*Work to complete:*
Among the entries below, only the lines from the one with "Gas mask cigarette" through the one with "Ilias Lalaounis Gold" are to be retyped, exactly and without pictures.

***** Supplied data

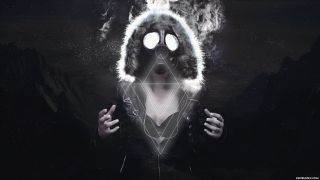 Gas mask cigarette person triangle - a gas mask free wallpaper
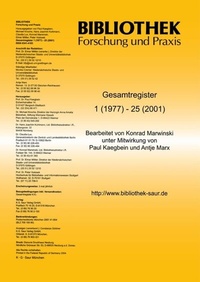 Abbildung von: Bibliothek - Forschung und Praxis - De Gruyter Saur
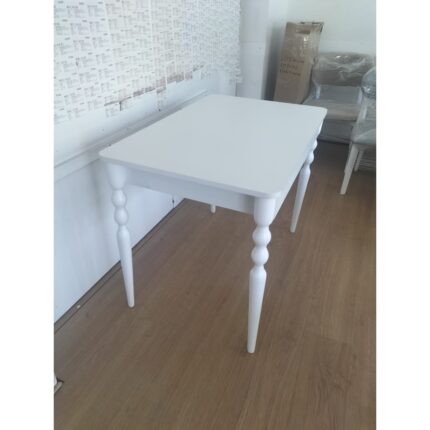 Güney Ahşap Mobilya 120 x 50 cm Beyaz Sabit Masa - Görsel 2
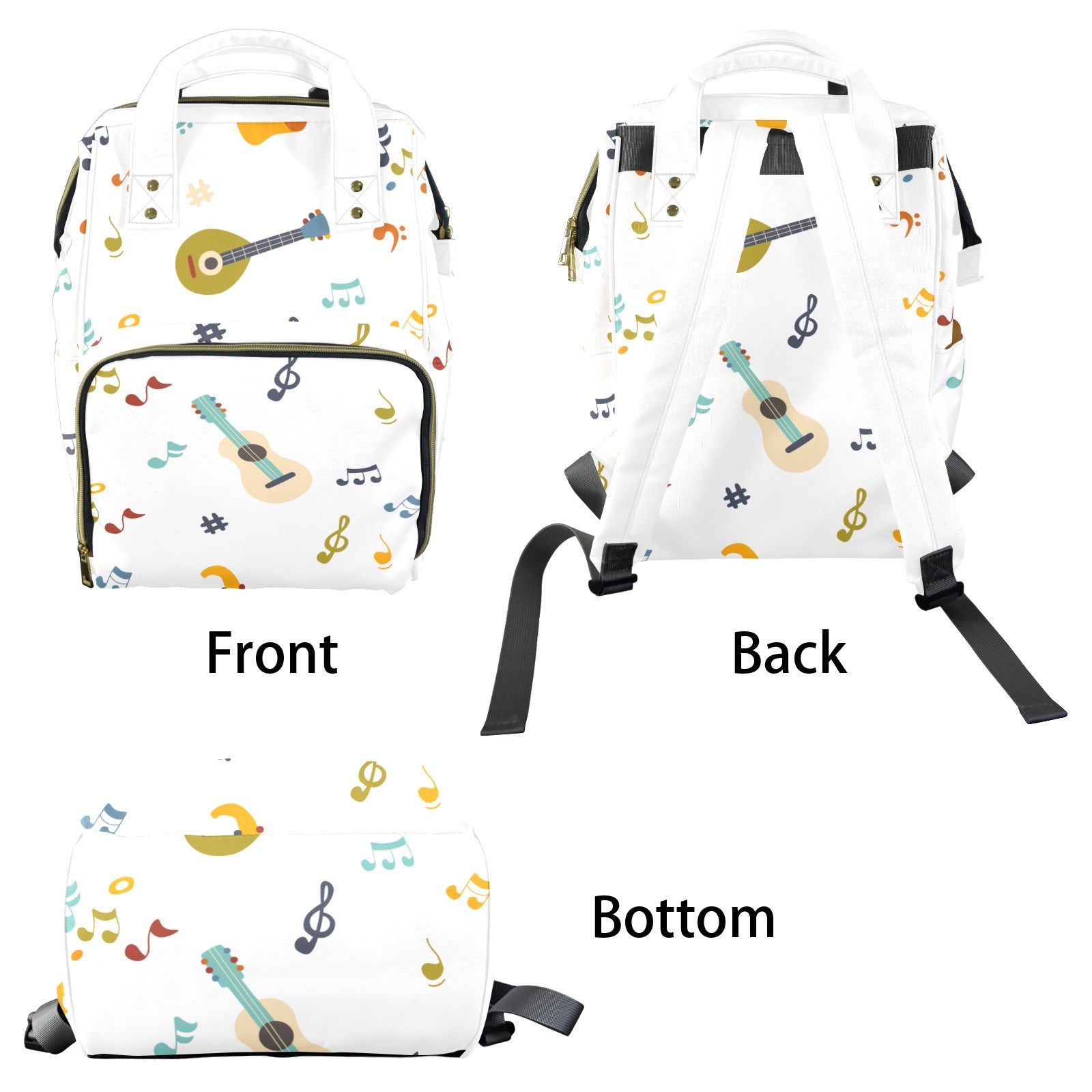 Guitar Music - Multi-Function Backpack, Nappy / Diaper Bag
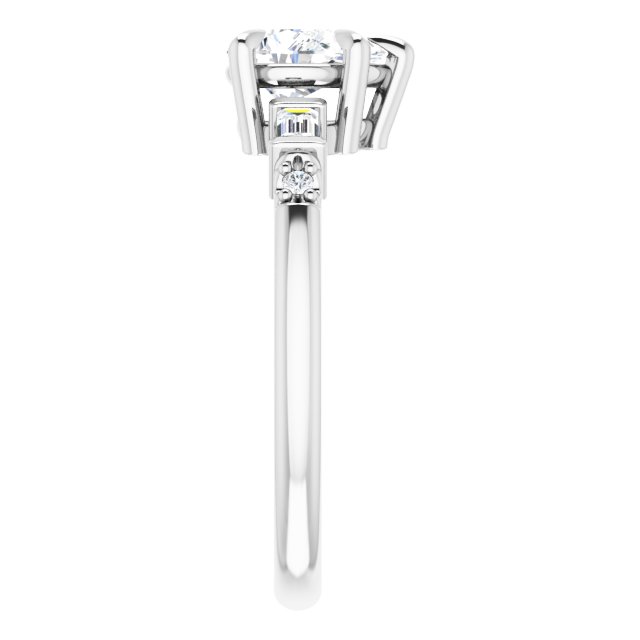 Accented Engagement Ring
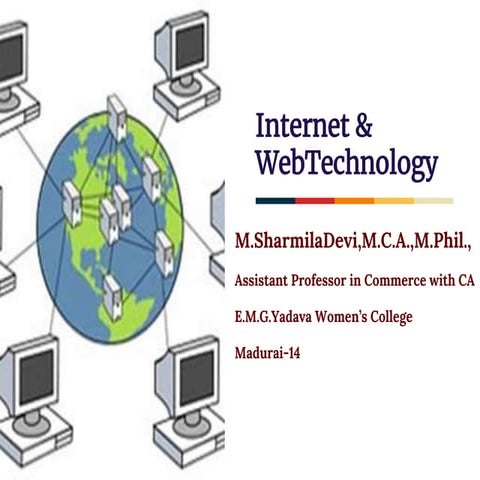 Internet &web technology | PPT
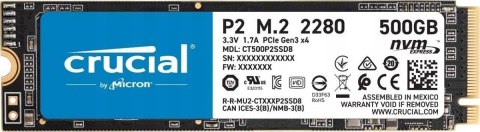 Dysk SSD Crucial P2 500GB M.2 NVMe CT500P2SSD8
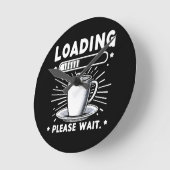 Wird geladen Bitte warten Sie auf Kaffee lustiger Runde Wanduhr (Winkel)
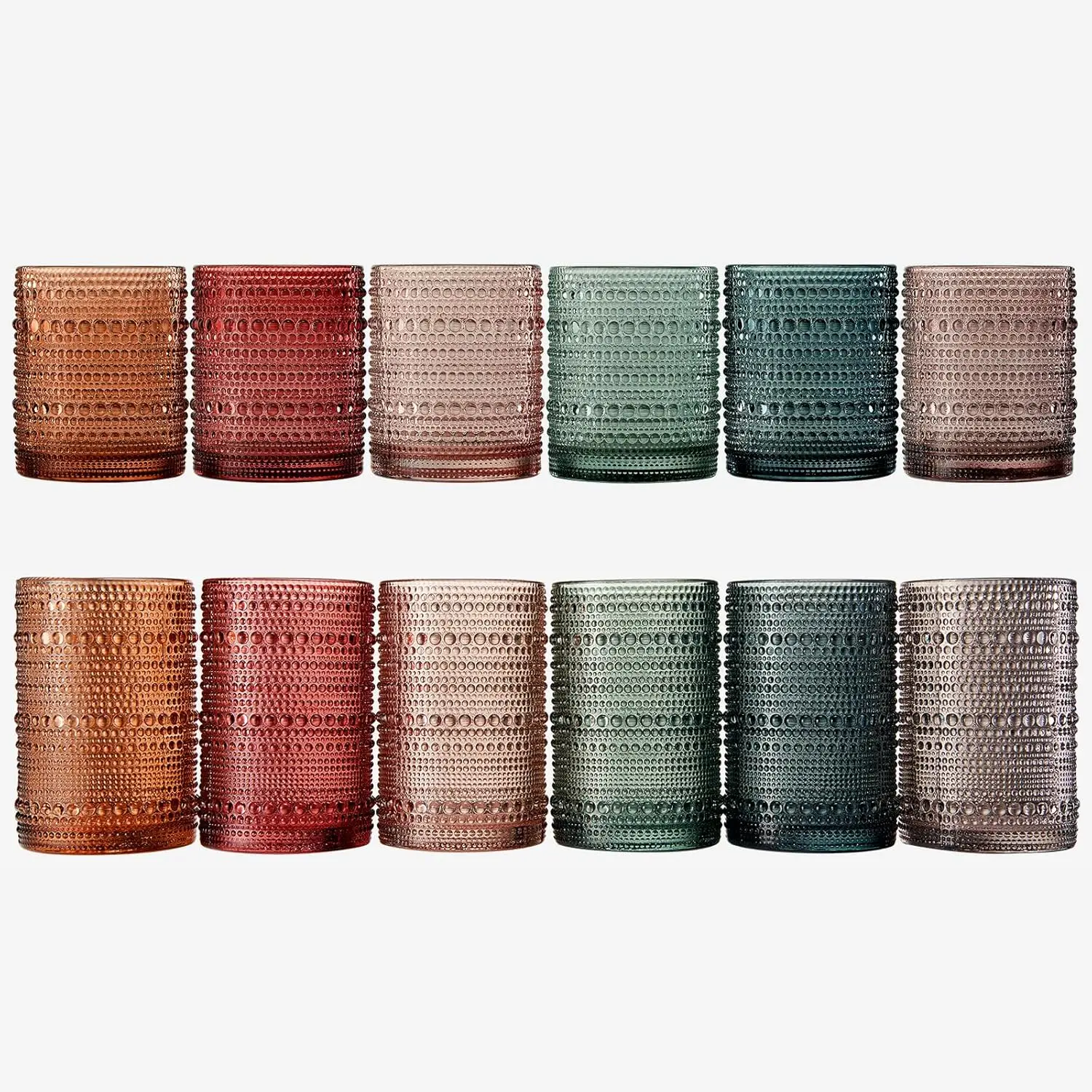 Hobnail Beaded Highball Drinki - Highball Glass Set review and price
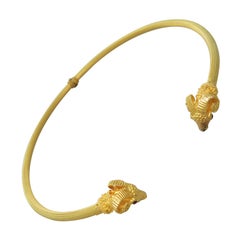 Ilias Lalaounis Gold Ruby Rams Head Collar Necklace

**********
***** Supplied data

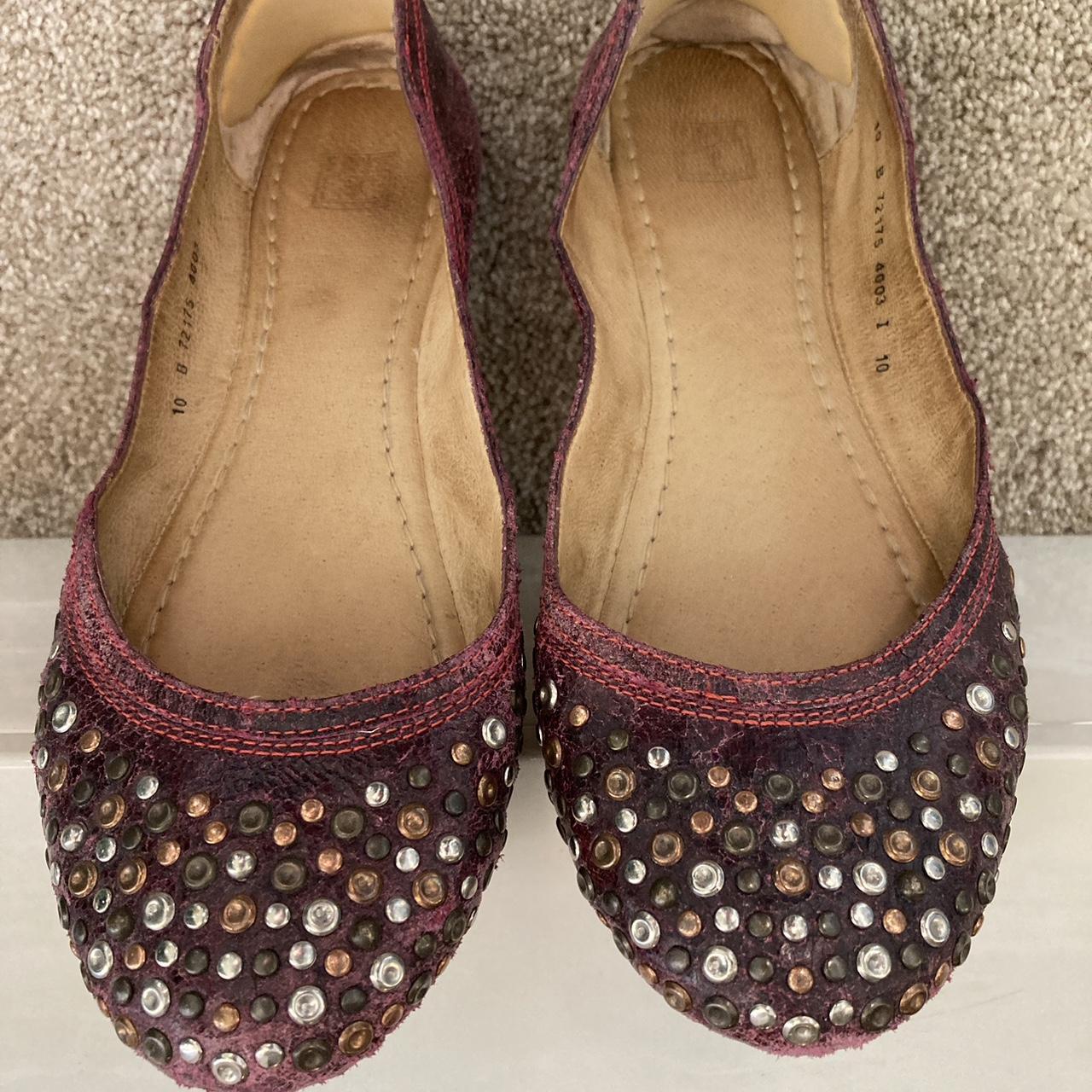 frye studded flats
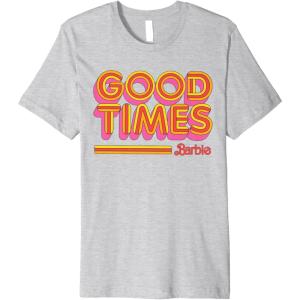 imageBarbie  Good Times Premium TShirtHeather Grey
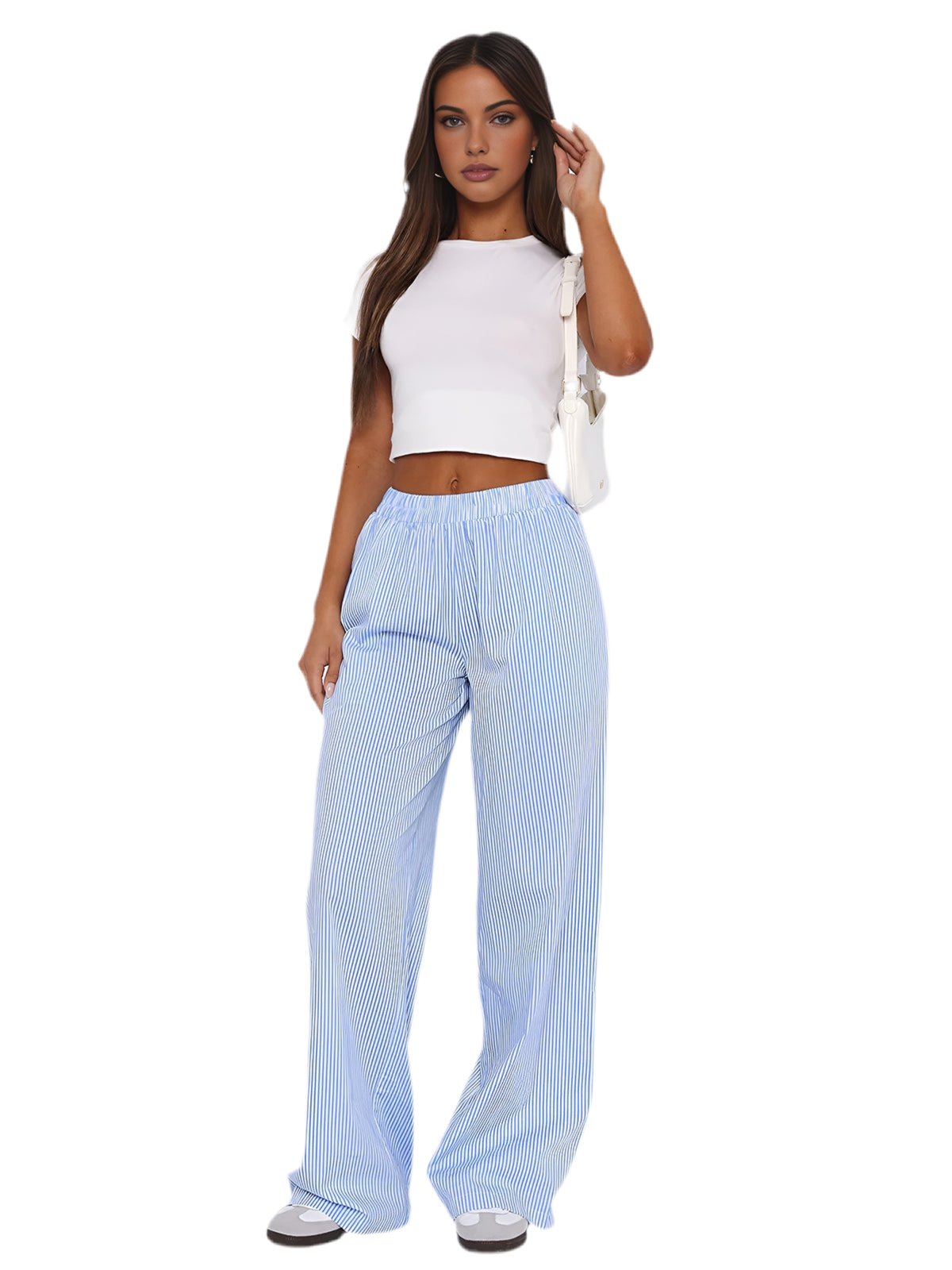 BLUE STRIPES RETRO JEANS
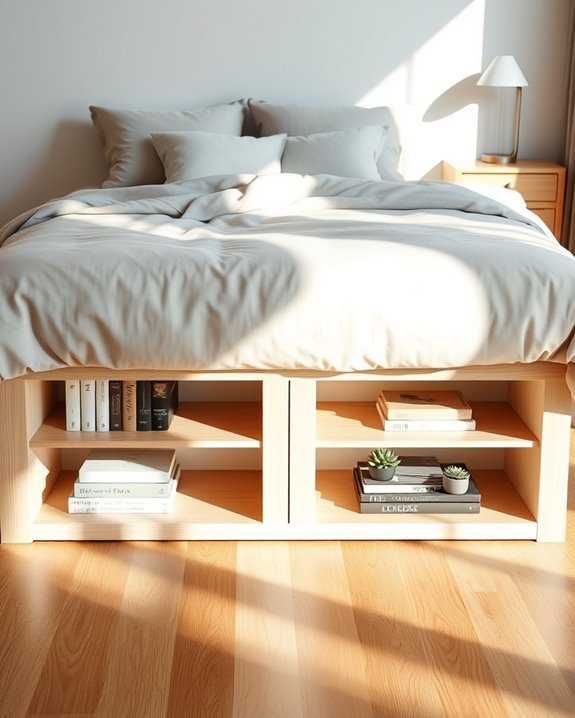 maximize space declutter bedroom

**********
***** Supplied data

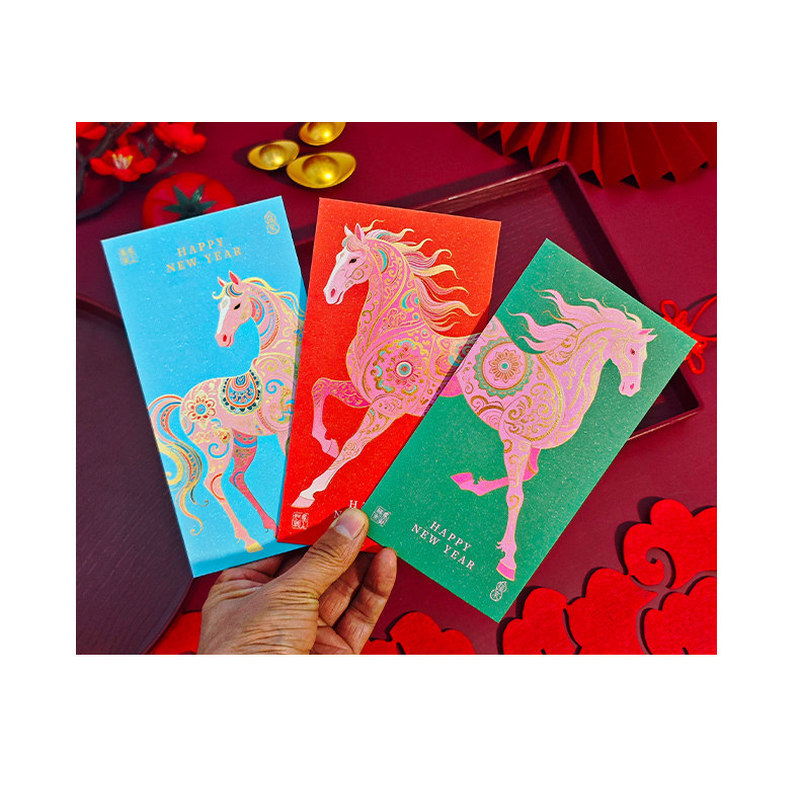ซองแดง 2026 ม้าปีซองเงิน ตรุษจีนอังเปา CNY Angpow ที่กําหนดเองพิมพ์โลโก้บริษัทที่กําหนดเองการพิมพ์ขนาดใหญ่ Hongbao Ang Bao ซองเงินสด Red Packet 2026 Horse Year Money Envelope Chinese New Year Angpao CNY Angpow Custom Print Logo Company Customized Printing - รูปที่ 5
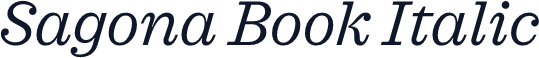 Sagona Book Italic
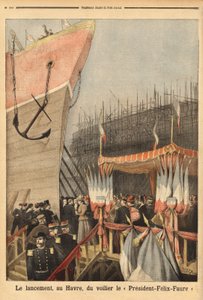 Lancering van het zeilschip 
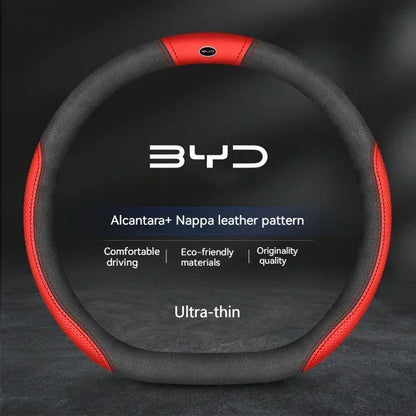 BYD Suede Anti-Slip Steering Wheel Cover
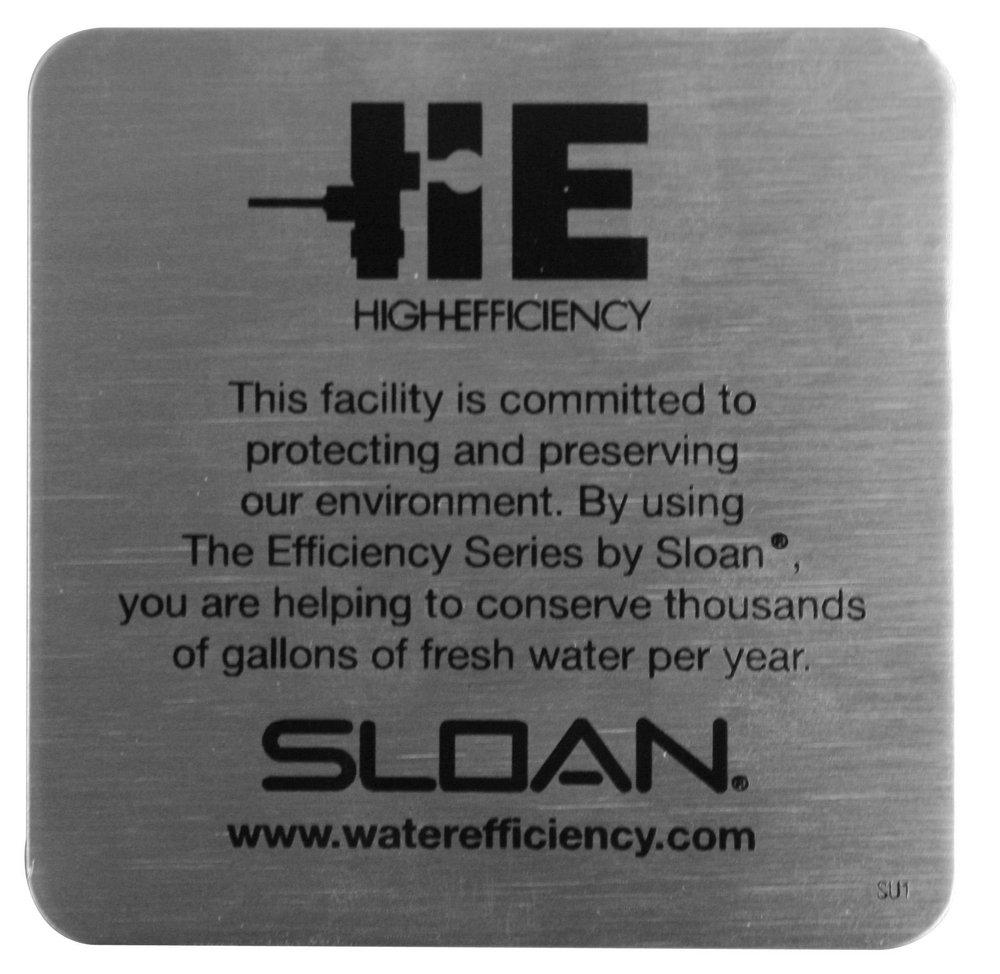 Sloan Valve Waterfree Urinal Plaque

**********

*Exercise solution:*
 Gas mask cigarette person triangle - a gas mask free wallpaper
 Abbildung von: Bibliothek - Forschung und Praxis - De Gruyter Saur
 Güney Ahşap Mobilya 120 x 50 cm Beyaz Sabit Masa - Görsel 2
 Guitar Music - Multi-Function Backpack, Nappy / Diaper Bag
 Accented Engagement Ring
 Internet &web technology | PPT
 Dysk SSD Crucial P2 500GB M.2 NVMe CT500P2SSD8
 Wird geladen Bitte warten Sie auf Kaffee lustiger Runde Wanduhr (Winkel)
 Hobnail Beaded Highball Drinki - Highball Glass Set review and price
 Ilias Lalaounis Gold Ruby Rams Head Collar Necklace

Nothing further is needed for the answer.